Would you reproduce every record exactly, leaving out the pictures?

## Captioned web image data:
__________________________________________________
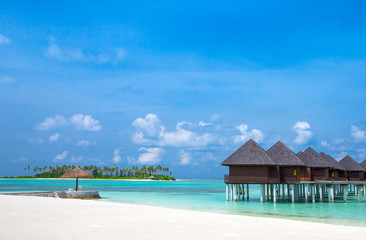 beach with water bungalows at Maldives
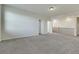Expansive bonus room with plush carpeting and easy access to other rooms at 152 Walkinshaw Ave, Las Vegas, NV 89148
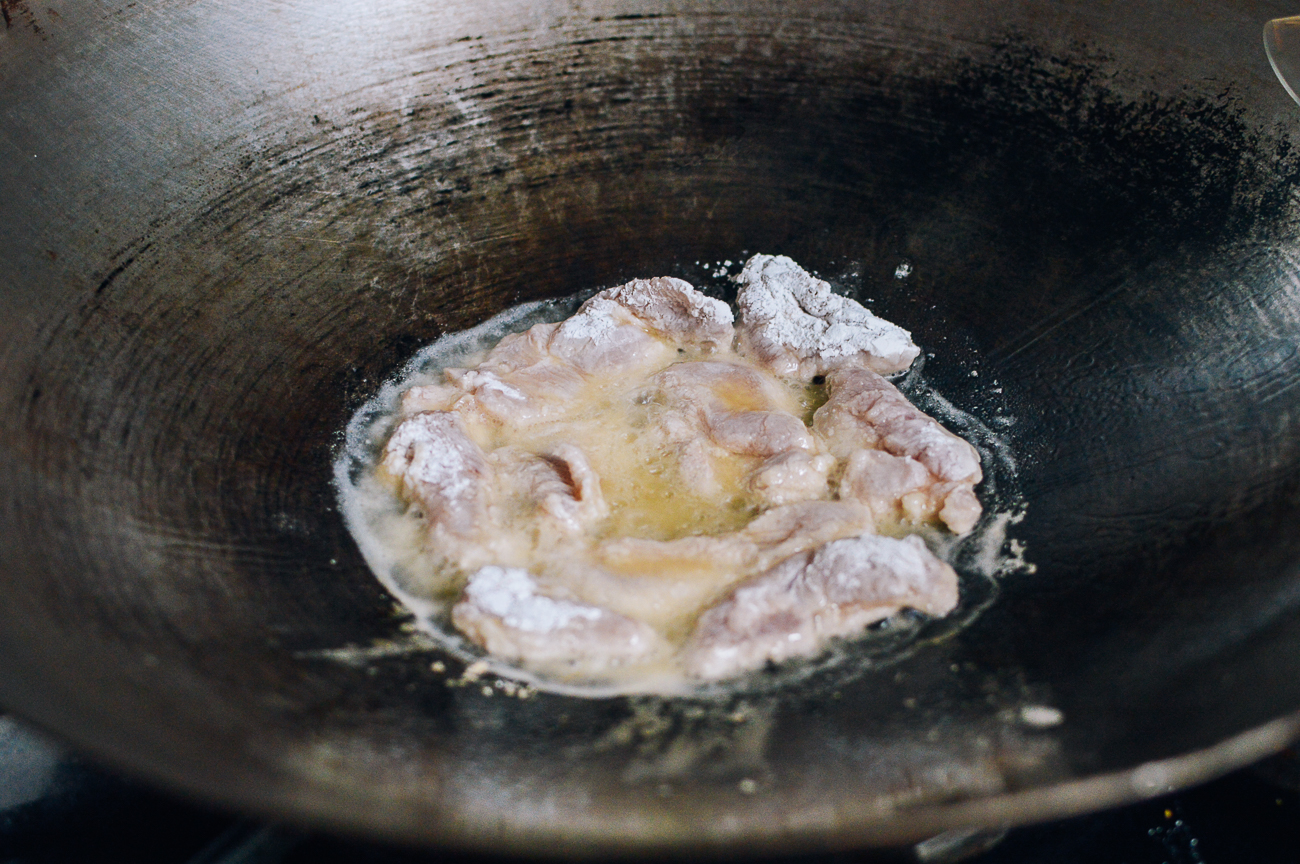 shallow frying cornstarch dredged chicken in wok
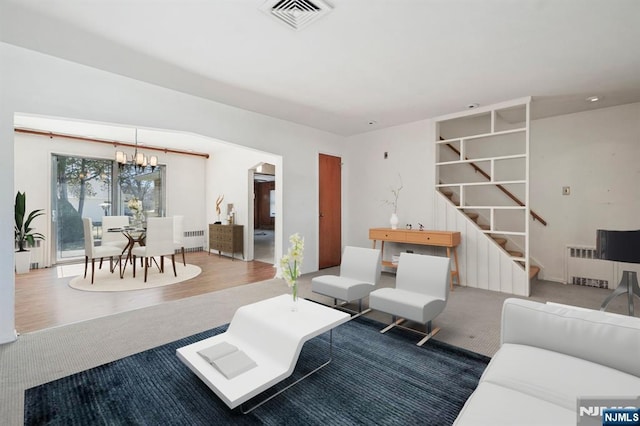 living area with visible vents, radiator, a notable chandelier, and stairway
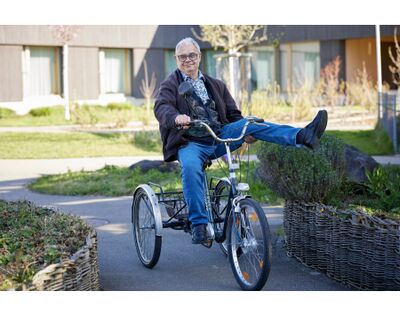 Ein Mann faehrt in Kloten (8302) im Kanton Zuerich mit einem Dreirad auf einem Weg vor einem Gebaeude der Stiftung Pigna.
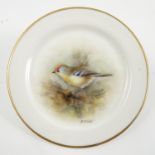 A Royal Worcester dish, hand painted with a Goldcrest by P M Platt, dated 1954, diameter 3.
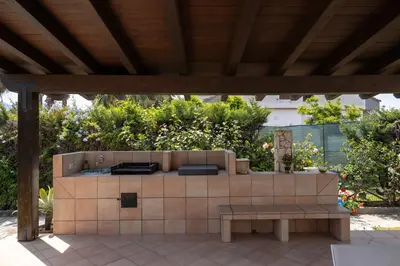 a outdoor kitchen with a bench under a pergola at VillaThomas in Campofelice di Roccella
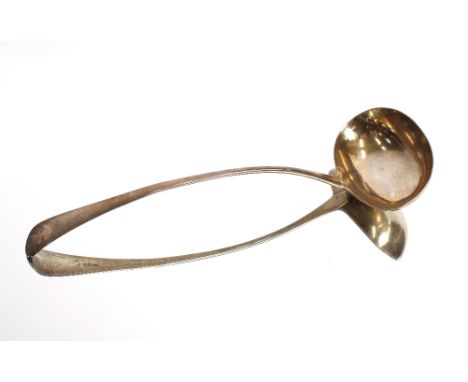 A George III Old English patterned silver ladle bearing family crest, London 1795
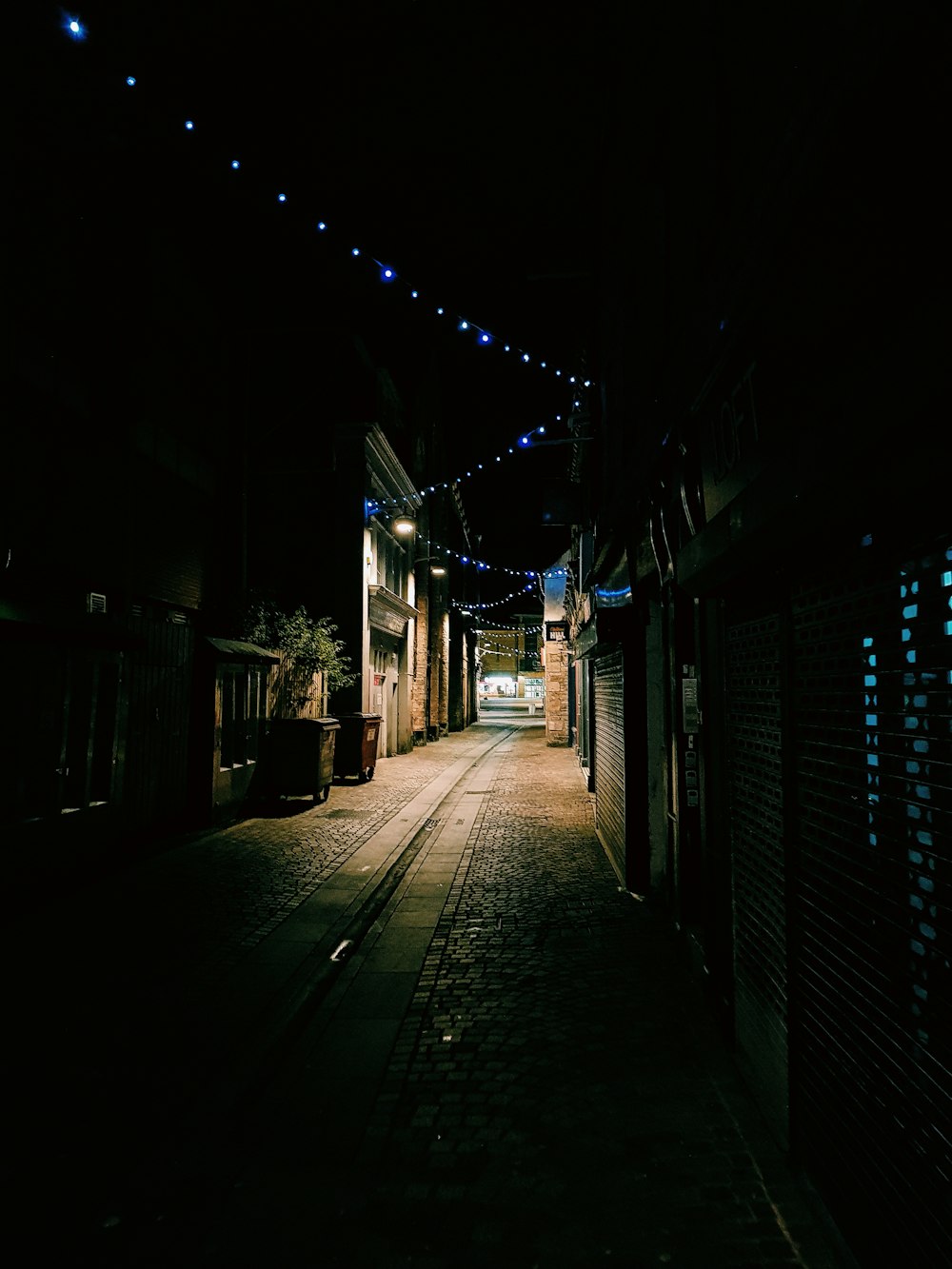 empty alley between houses and stores at night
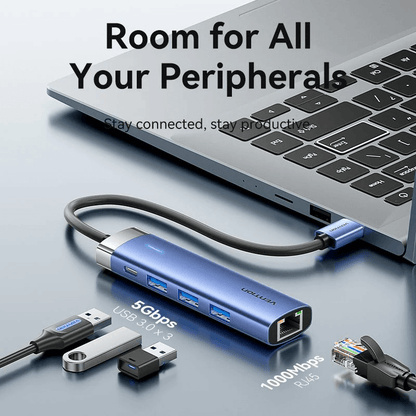 Vention 5-in-1 USB 3.0 Docking Station connected to a laptop with multiple peripherals.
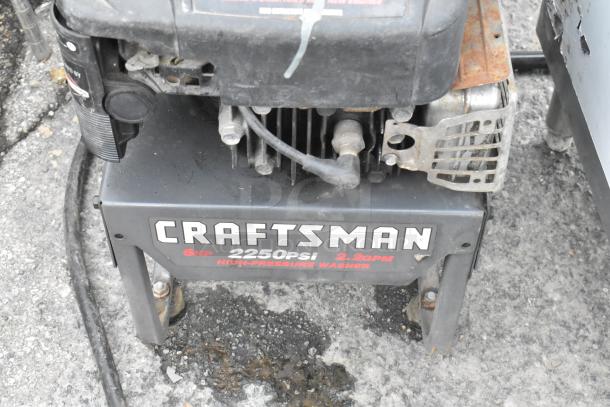 Craftsman 580.762250 Pressure Washer, 6HP, 2250 PSI, 2.2 GPM. Used condition with visible wear, prominent branding.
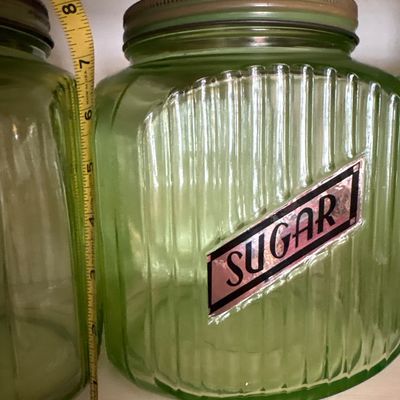 Sale Photo Thumbnail #721: This collection features vintage 1930s Anchor Hocking "Hoosier" ribbed green depression glass jars, made with uranium glass that glows brightly under a UV blacklight.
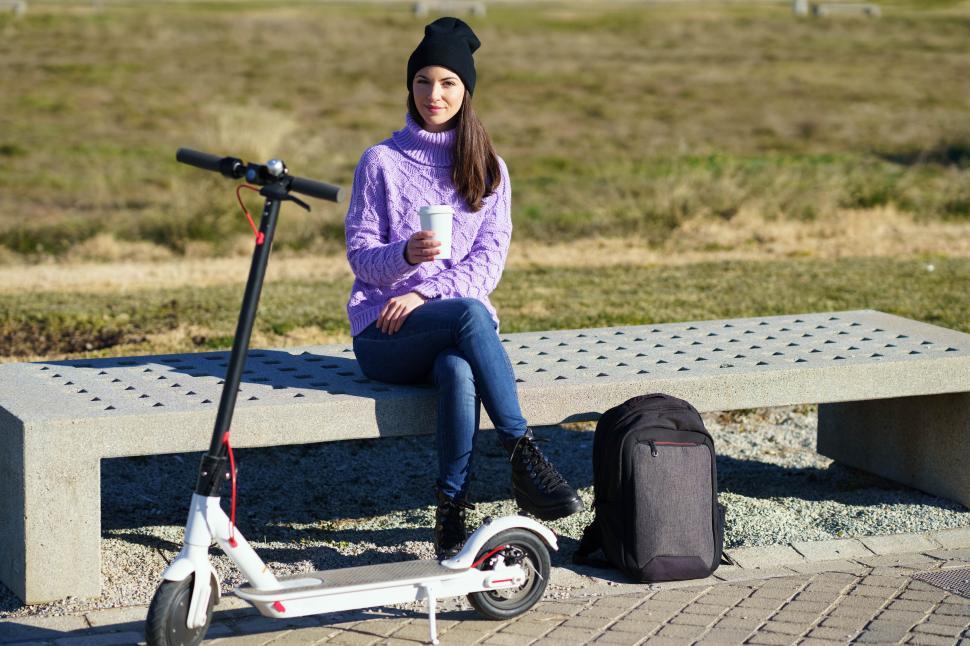 Free Image of Female student with electric scooter taking a coffee break sitting on a bench outside her college. 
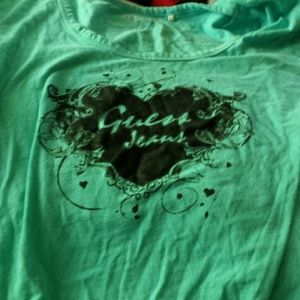 Tshirt that says guess jeans on the front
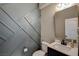 Stylish half bathroom featuring a modern vanity, unique wall design, and updated fixtures at 2853 Cabrillo Terrace St, Henderson, NV 89044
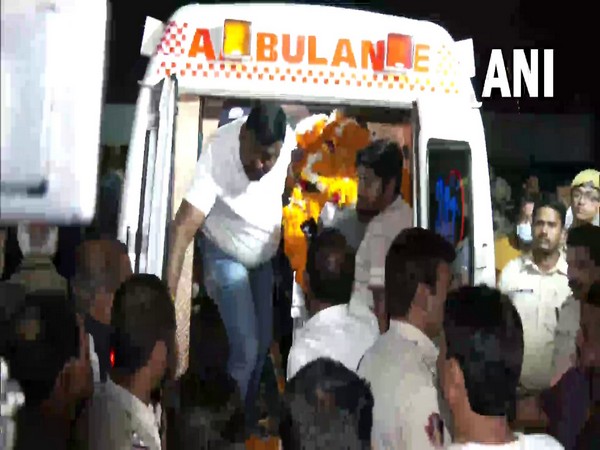 The mortal remains of the minister being brought to his official residence. (Photo/ANI)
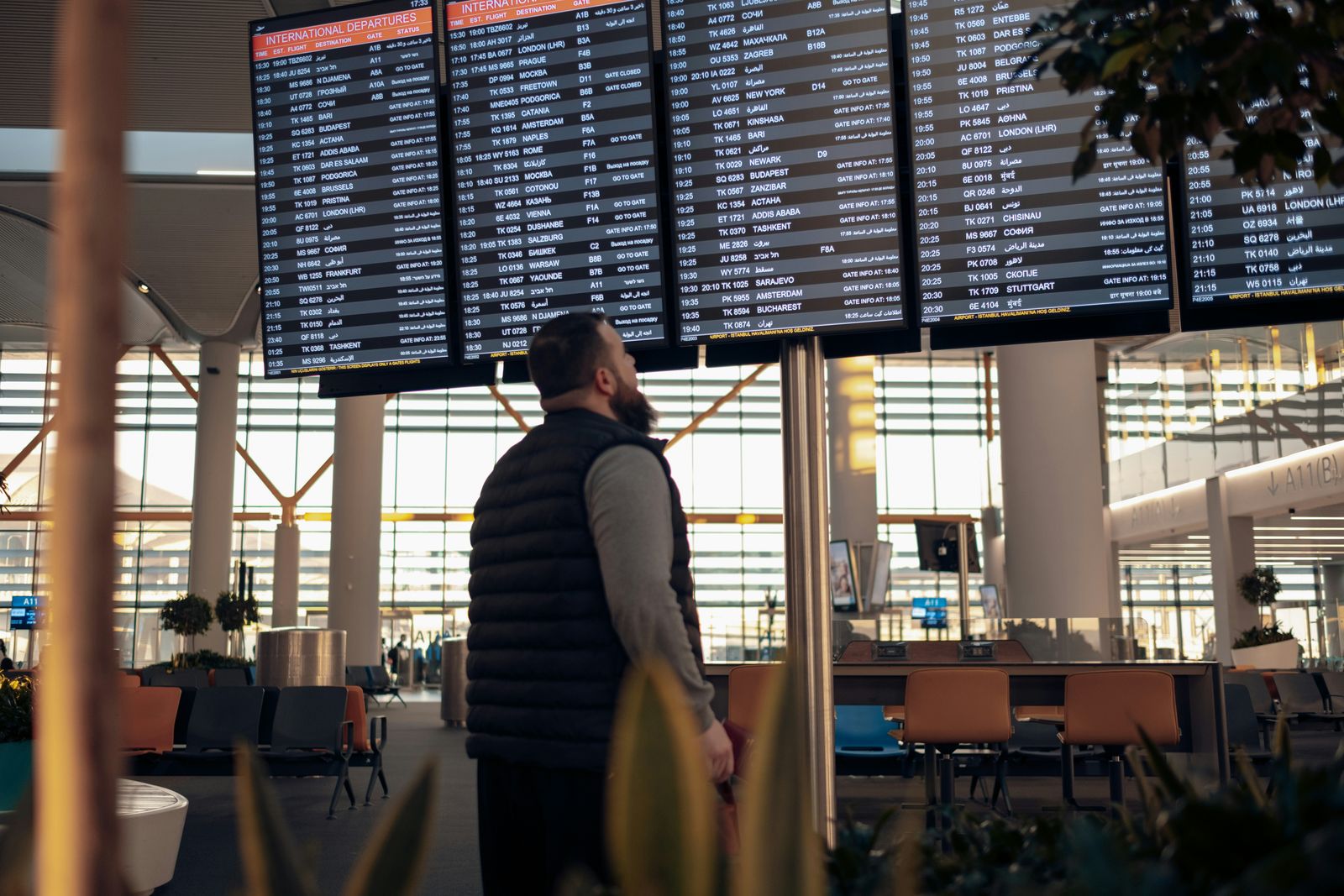 UK study visa applications fall 19% in year to September 2026 Departure boards in an airport terminal, with a traveller looking up at them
__________________________________________________
## TASK OUTPUT:
 beach with water bungalows at Maldives
Expansive bonus room with plush carpeting and easy access to other rooms at 152 Walkinshaw Ave, Las Vegas, NV 89148
 shallow frying cornstarch dredged chicken in wok
 living area with visible vents, radiator, a notable chandelier, and stairway
 Ein Mann faehrt in Kloten (8302) im Kanton Zuerich mit einem Dreirad auf einem Weg vor einem Gebaeude der Stiftung Pigna.
 A Royal Worcester dish, hand painted with a Goldcrest by P M Platt, dated 1954, diameter 3.
 a outdoor kitchen with a bench under a pergola at VillaThomas in Campofelice di Roccella
 A George III Old English patterned silver ladle bearing family crest, London 1795
 empty alley between houses and stores at night
 Vention 5-in-1 USB 3.0 Docking Station connected to a laptop with multiple peripherals.
 Craftsman 580.762250 Pressure Washer, 6HP, 2250 PSI, 2.2 GPM. Used condition with visible wear, prominent branding.
 Sale Photo Thumbnail #721: This collection features vintage 1930s Anchor Hocking "Hoosier" ribbed green depression glass jars, made with uranium glass that glows brightly under a UV blacklight.
 Free Image of Female student with electric scooter taking a coffee break sitting on a bench outside her college. 
 Tshirt that says guess jeans on the front
 Stylish half bathroom featuring a modern vanity, unique wall design, and updated fixtures at 2853 Cabrillo Terrace St, Henderson, NV 89044
 The mortal remains of the minister being brought to his official residence. (Photo/ANI)
 UK study visa applications fall 19% in year to September 2026 Departure boards in an airport terminal, with a traveller looking up at them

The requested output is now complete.